Governing: You’re in Houston, and Texas recently announced that it’s going to spend $100 billion over the next 10 years on widening and rebuilding highways. How does it feel to be trying to push your work forward in a state that is still very focused on personal vehicles?
Veronica O. Davis: It’s challenging. But it’s very to easy say, “Oh, Florida’s gonna Florida” or “Texas gonna Texas,” but it is happening across the United States. Even in what one may consider politically blue states — it is happening across the country. Nationally one of the things that we eventually need to wrestle with is how we evaluate what’s a good project.
The bar for transit investment is significantly higher than the bar for highway investment. If you look at any federal New Starts project, everyone’s looking for a certain level of reliability. You have to hit the metrics around ridership, and you have to have a financial plan. There is so much that goes into making a decision on transit, but we don’t see highways the same way. We don’t say, “What’s your financial plan, highway?” At some point we’re going to have to wrestle with that in future transportation bills and infrastructure bills so that we can get better projects.
Governing: A lot of people who might be most eager to implement some of the ideas you’re talking about here are people who are probably some of the lowest levels of transportation planning. Do you have any thoughts about how folks with relatively little power can make a difference in these agencies and push for better processes and better outcomes?
Veronica O. Davis: Everyone has power.
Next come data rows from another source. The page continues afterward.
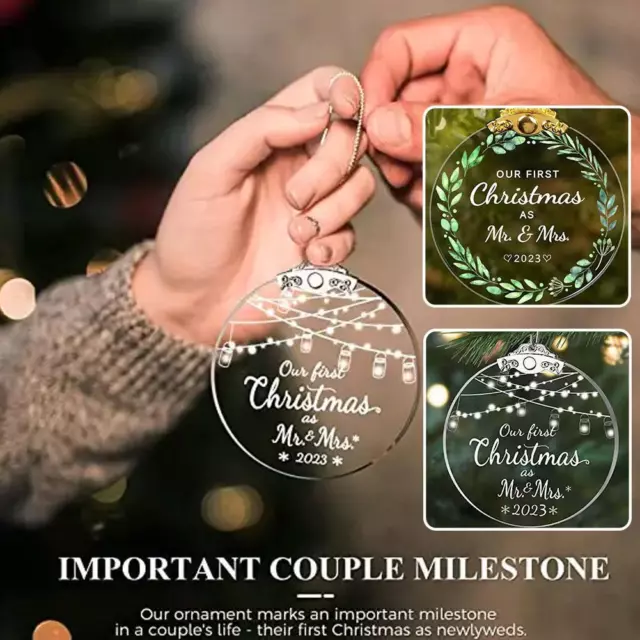 Our First Christmas Married Ornament 2023,Just Married Gifts for Couple,Mr  and M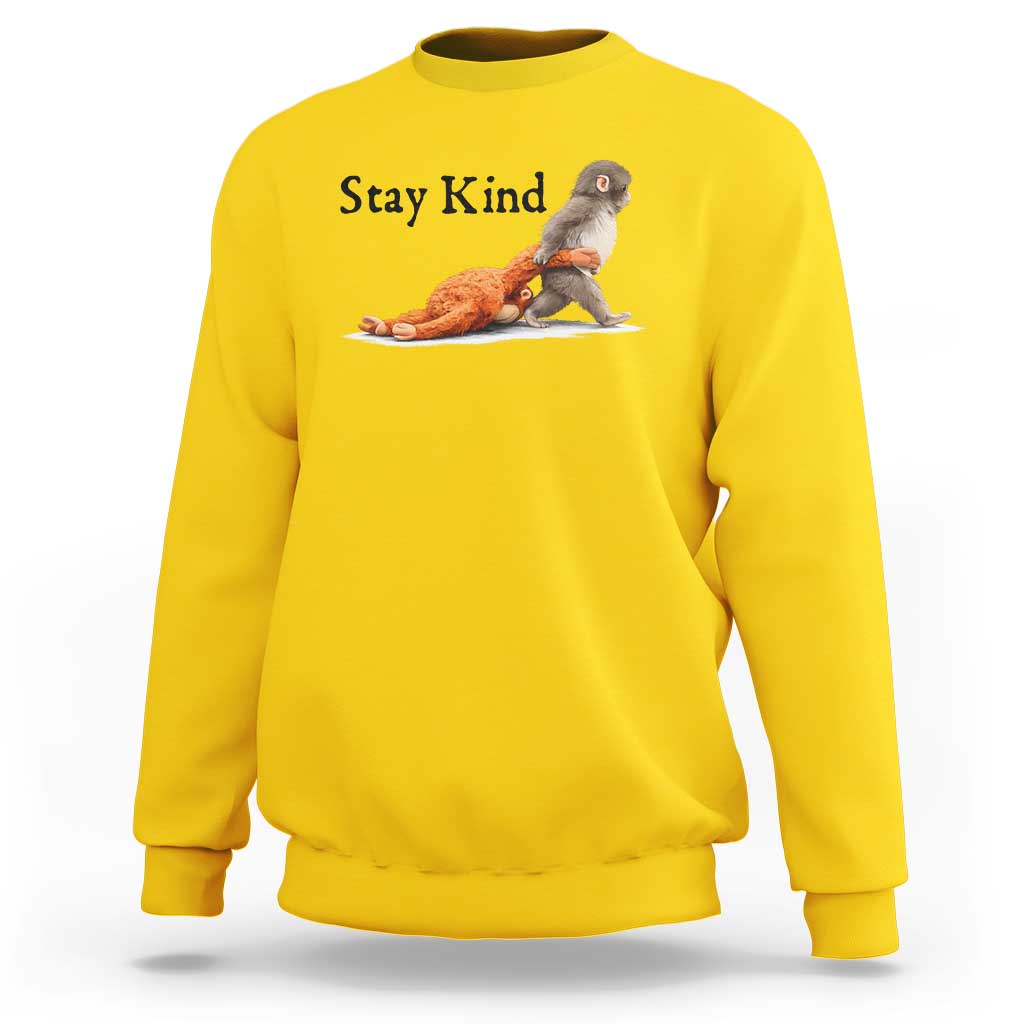 Punch The Monkey Meme Sweatshirt Stay Kind
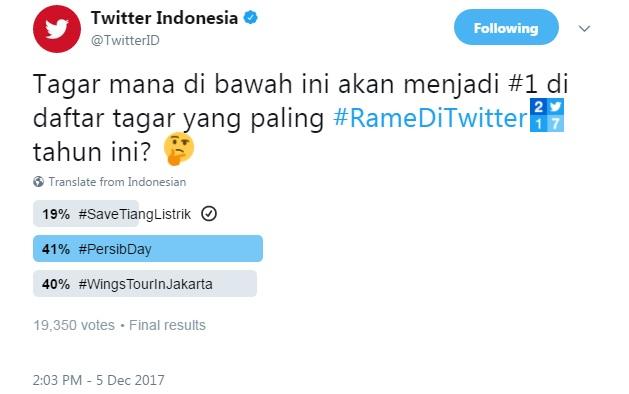 Hasil final poling tagar terpopuler 2017. Copyright: Istimewa
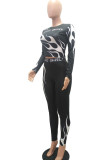 rose red Fashion Casual Adult Milk Fiber Print Patchwork O Neck Long Sleeve Regular Sleeve Short Two Pieces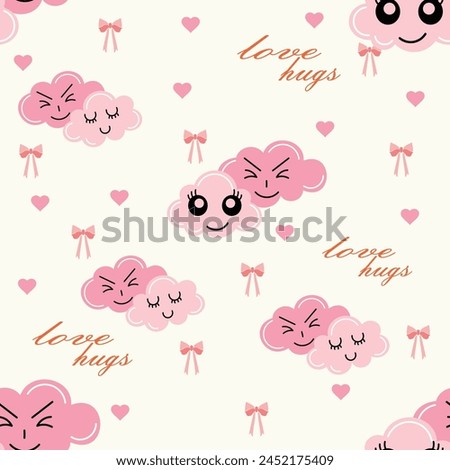Vector seamless pattern Happy Valentine's Day Pattern. cute clouds drops hearts romantic and lovely seamless vector pattern background illustration.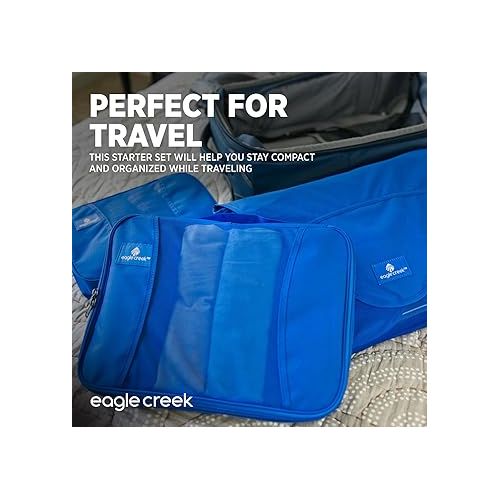  Eagle Creek Pack-It Original Starter Set of 3 Packing Cubes for Travel - Durable Travel Suitcase Organizer Bags Set with Folding Garment Bag, Blue Sea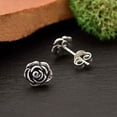 thumbnail image 3 of 925 sterling silver Rose earrings – Nature Petite Rose Flower Stud Earrings – One Pair – All Natural Solid Silver Stud Earring, 3 of 5
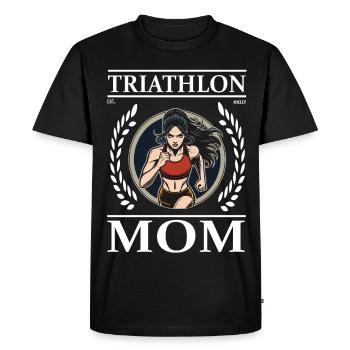 Maman triathlon - Maman et triathlète - T-shirt Premium bio Homme - noir - Devant - Nico (187cm)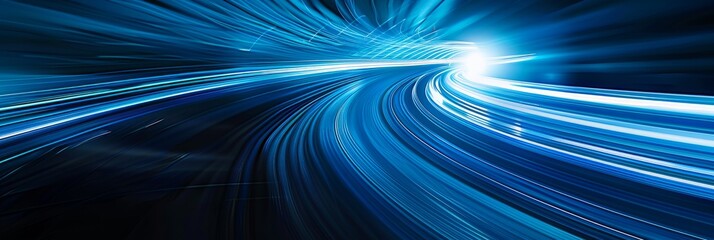Wall Mural - A high-angle photo capturing dynamic blue light ray streaks speeding across a dark background, creating a futuristic and abstract design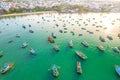 Aerial view of Mui Ne fishing village in the morning Royalty Free Stock Photo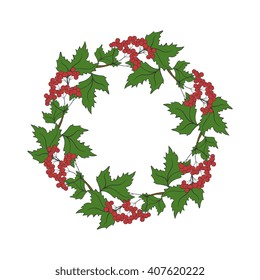 Round wreath  with viburnum. Round frame. 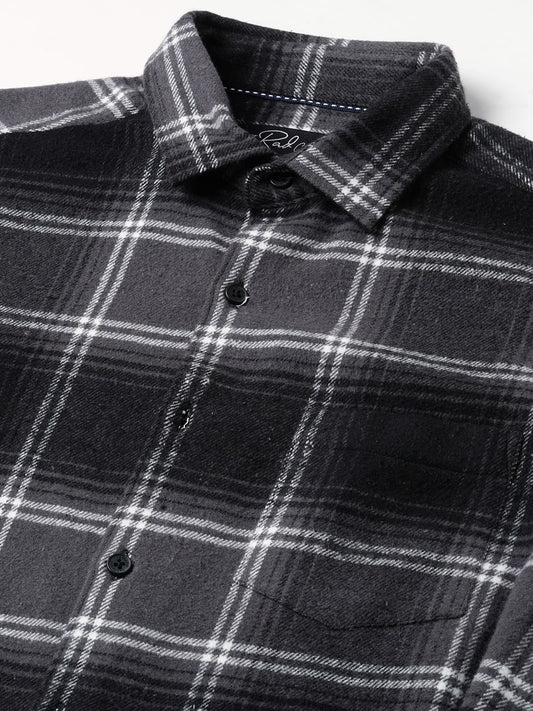 Super Soft Black & Grey Tartan Checked Flannel Shirt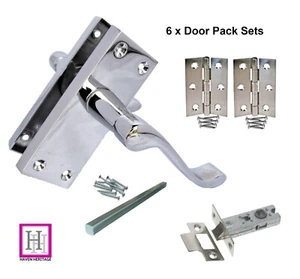 Maniglie per porte MODERNE cromate leva scorrevole confezione completa porta x 6 con cerniere e chiusure - Foto 1 di 11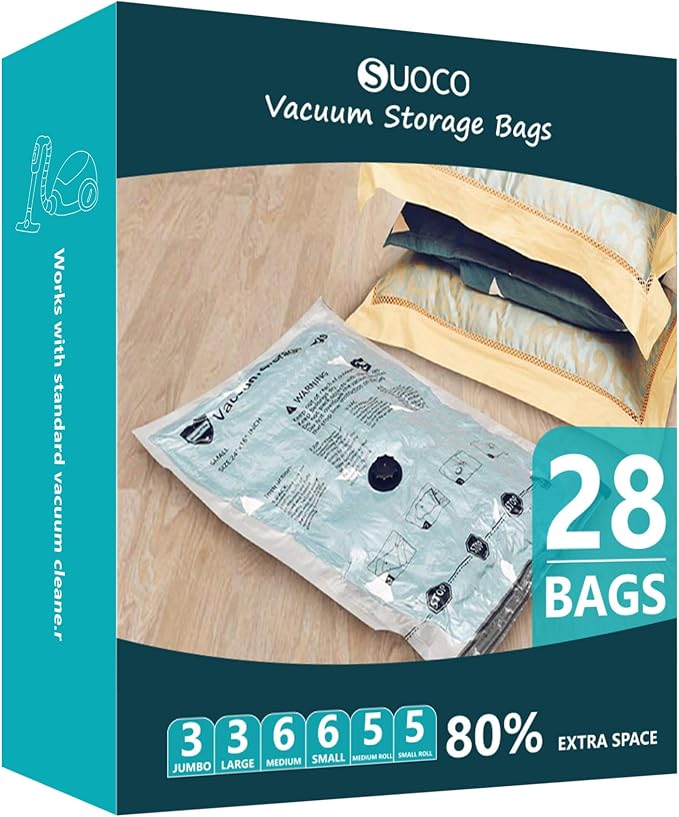 Vacuum Storage Bags, Compression Packing Space Saver Seal Bags by SUOCO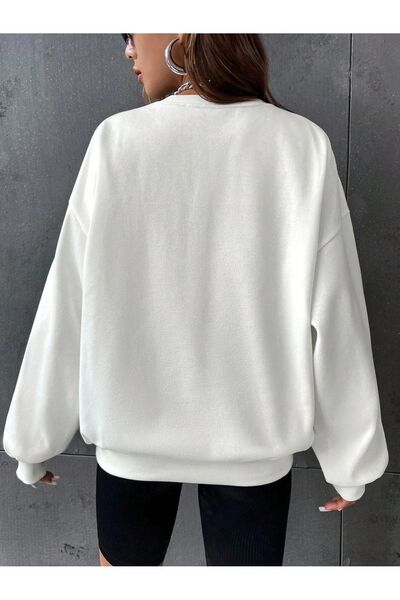 Deocept ENERGETİC Надрукований 4-комплект білих оверсайз-светрів з кролячим візерунком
It might be a little power, but it’s still power. It’s everything from how you look at data — a lot of times it’s a junior person crunching the data, but as you’re crunching the data, what are you seeing beyond the basics? How can you push through and actually present to the higher-ups, “Hey, this is what I’m seeing in the data.” And you also must be willing to step up and engage. I’ve had junior staff in different roles that I’ve had say, “Hey, I’d like to go out and walk the corridor and talk to people.” There’s little things you can do even within your small sphere of influence to help change a project.
When you’re in a government position, whether you are a project manager or a district engineer or head of a department of transportation, you have a level of power. Even if you just change something by a few degrees, over time, you’re going to be further than where you started. Having the boldness and the courage to even make the tiniest change will have an impact over time.